[Brief descriptive captions]
# # # # #

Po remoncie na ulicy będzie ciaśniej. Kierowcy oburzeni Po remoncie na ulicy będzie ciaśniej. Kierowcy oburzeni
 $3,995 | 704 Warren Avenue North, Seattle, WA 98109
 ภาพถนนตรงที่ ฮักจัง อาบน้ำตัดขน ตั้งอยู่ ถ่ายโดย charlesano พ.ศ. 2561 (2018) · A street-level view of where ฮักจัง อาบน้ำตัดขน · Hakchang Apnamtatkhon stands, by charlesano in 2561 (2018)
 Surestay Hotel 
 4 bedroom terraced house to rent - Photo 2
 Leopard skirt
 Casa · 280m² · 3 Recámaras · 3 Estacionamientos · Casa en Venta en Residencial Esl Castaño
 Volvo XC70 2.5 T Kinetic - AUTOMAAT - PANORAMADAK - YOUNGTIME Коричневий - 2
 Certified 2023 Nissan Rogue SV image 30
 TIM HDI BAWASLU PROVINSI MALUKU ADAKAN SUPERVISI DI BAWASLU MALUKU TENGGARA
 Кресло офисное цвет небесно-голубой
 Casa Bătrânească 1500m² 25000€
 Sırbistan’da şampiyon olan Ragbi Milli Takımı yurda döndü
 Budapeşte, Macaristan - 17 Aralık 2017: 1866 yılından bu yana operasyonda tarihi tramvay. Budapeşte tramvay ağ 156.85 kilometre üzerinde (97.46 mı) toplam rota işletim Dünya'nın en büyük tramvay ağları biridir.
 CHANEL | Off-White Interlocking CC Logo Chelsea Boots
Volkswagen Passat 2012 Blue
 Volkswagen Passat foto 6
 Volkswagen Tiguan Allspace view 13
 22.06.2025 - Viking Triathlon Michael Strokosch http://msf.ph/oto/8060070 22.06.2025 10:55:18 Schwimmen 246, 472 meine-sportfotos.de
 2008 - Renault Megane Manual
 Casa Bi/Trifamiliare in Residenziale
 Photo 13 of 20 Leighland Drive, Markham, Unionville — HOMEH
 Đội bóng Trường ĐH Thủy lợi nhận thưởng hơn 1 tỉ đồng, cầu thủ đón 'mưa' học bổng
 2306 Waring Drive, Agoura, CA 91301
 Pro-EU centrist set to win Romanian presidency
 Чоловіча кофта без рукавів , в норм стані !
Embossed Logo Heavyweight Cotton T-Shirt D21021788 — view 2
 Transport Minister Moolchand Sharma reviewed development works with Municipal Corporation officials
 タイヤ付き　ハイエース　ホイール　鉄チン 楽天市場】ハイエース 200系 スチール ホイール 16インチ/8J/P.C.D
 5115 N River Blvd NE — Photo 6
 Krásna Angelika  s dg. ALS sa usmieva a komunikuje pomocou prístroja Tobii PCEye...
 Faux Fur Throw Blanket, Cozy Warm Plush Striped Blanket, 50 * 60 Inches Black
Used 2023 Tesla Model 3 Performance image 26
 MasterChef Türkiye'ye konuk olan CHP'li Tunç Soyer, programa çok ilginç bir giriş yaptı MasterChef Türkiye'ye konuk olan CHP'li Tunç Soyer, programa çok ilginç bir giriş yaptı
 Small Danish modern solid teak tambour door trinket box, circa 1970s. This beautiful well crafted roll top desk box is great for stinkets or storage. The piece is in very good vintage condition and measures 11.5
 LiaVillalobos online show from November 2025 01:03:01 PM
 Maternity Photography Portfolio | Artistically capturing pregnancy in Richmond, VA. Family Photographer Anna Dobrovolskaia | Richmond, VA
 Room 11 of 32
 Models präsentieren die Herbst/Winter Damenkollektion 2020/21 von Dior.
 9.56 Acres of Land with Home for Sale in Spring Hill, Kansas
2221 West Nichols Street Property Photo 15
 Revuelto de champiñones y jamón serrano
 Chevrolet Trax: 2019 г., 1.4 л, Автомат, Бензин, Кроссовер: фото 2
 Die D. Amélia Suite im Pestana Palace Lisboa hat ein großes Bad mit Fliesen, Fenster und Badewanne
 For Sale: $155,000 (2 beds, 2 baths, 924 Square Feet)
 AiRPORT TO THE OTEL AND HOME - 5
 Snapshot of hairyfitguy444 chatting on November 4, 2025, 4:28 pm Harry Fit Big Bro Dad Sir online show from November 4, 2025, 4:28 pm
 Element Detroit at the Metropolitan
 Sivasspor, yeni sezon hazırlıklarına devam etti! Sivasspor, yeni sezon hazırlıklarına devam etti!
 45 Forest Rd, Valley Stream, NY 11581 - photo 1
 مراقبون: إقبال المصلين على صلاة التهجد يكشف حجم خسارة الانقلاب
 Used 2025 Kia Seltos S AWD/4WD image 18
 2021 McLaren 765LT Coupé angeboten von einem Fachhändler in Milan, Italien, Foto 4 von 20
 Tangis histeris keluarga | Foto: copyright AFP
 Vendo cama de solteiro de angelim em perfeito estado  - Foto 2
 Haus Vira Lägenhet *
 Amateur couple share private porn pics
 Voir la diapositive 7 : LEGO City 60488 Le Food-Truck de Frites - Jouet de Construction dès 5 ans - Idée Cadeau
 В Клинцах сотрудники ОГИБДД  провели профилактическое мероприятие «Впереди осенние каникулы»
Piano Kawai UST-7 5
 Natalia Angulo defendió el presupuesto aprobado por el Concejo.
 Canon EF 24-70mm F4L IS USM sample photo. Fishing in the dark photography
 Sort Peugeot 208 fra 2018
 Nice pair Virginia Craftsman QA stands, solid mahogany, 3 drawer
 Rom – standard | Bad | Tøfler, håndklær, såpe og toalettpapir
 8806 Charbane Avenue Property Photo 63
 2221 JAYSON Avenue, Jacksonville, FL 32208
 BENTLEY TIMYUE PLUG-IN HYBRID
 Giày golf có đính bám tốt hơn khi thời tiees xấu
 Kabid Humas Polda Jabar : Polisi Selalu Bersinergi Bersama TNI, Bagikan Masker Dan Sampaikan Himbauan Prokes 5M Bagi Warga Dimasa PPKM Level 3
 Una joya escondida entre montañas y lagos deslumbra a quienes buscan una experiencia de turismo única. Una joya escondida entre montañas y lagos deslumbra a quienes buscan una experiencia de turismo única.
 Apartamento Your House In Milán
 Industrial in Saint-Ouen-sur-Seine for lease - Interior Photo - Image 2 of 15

# # # # #

[Exercise prompt] Please report every line among the entries that includes "Casa".

[Expected answer]
 Casa · 280m² · 3 Recámaras · 3 Estacionamientos · Casa en Venta en Residencial Esl Castaño
 Casa Bătrânească 1500m² 25000€
 Casa Bi/Trifamiliare in Residenziale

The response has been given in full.